Task details ▸ In the data below, find the line that contains "12 sizes 24" and the line that contains "Ivory canopy tree". Copy both, plus every line between them, exactly.

Collected data entries ▸

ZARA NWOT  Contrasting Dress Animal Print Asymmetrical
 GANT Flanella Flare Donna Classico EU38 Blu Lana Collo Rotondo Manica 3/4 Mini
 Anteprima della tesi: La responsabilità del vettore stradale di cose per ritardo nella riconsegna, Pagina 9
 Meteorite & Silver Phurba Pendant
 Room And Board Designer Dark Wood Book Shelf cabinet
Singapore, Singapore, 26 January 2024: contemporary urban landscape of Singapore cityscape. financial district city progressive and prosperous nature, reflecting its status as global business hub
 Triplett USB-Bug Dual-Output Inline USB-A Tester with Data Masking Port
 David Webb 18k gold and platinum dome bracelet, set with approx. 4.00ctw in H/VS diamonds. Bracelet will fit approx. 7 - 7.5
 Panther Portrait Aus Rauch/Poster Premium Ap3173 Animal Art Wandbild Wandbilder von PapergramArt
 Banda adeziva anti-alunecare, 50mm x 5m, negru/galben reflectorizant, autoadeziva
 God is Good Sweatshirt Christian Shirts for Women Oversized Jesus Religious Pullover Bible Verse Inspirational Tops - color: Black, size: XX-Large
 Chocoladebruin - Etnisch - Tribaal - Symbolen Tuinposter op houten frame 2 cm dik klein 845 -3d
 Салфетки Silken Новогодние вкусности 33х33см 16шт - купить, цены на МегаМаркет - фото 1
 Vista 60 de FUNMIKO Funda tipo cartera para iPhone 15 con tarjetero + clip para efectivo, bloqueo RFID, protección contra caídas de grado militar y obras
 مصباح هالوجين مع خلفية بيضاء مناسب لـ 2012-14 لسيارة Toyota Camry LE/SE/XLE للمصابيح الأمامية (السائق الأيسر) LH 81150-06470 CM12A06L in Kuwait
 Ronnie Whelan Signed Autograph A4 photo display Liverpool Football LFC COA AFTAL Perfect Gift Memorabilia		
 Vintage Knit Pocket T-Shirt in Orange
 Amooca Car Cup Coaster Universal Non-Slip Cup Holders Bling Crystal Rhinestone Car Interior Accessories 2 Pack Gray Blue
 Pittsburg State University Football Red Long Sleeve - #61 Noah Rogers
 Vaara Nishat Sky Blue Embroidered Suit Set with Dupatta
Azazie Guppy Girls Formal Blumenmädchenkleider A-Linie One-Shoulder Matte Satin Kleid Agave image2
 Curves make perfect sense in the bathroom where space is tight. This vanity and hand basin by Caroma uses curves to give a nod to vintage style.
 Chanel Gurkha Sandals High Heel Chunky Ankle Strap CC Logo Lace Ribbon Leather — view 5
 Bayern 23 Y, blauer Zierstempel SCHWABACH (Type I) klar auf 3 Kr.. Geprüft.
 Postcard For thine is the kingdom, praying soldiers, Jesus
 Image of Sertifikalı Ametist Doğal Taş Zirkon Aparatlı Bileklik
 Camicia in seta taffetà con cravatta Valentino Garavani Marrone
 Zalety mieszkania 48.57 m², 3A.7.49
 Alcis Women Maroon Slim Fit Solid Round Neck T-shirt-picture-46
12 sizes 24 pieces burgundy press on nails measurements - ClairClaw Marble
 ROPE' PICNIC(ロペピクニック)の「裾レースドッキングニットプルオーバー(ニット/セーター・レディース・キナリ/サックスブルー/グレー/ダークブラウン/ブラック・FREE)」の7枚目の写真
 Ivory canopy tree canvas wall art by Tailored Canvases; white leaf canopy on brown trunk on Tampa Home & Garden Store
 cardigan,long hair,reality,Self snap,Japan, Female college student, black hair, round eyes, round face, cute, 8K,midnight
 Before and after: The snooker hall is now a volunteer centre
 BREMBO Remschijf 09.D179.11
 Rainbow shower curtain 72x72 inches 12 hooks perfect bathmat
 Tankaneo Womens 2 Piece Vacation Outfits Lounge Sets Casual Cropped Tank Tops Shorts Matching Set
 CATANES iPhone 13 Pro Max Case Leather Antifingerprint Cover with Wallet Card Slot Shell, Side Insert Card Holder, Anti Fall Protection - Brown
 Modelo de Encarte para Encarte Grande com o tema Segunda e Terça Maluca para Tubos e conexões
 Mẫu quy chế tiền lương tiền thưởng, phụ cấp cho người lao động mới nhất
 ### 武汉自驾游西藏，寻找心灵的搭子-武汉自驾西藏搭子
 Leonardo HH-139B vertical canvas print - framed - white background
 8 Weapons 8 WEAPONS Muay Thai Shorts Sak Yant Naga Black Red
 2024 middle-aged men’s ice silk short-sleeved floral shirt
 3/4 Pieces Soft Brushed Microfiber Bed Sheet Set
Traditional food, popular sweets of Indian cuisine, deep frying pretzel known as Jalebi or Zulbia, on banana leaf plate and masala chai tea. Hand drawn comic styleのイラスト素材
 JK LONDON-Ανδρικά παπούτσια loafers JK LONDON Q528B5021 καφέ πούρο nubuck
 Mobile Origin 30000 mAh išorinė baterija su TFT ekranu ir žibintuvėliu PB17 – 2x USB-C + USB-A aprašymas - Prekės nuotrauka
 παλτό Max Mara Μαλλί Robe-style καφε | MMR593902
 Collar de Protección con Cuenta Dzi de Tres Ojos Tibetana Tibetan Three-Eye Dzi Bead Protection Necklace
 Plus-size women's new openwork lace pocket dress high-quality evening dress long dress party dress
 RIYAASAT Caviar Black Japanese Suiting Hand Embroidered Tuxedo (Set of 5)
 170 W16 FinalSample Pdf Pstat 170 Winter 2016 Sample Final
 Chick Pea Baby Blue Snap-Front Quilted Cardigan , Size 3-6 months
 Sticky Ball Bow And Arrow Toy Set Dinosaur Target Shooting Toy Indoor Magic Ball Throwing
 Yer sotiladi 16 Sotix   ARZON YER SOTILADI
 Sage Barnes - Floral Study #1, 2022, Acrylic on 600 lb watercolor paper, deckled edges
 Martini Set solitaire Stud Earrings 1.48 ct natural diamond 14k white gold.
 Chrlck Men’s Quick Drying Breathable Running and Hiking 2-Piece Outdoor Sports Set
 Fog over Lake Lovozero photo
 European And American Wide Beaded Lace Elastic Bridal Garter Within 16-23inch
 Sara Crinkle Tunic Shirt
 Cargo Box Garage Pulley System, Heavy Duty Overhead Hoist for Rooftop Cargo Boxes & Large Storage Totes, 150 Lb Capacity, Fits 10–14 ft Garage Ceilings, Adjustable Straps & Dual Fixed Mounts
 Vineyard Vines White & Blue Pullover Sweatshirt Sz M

Answer area ▸
12 sizes 24 pieces burgundy press on nails measurements - ClairClaw Marble
 ROPE' PICNIC(ロペピクニック)の「裾レースドッキングニットプルオーバー(ニット/セーター・レディース・キナリ/サックスブルー/グレー/ダークブラウン/ブラック・FREE)」の7枚目の写真
 Ivory canopy tree canvas wall art by Tailored Canvases; white leaf canopy on brown trunk on Tampa Home & Garden Store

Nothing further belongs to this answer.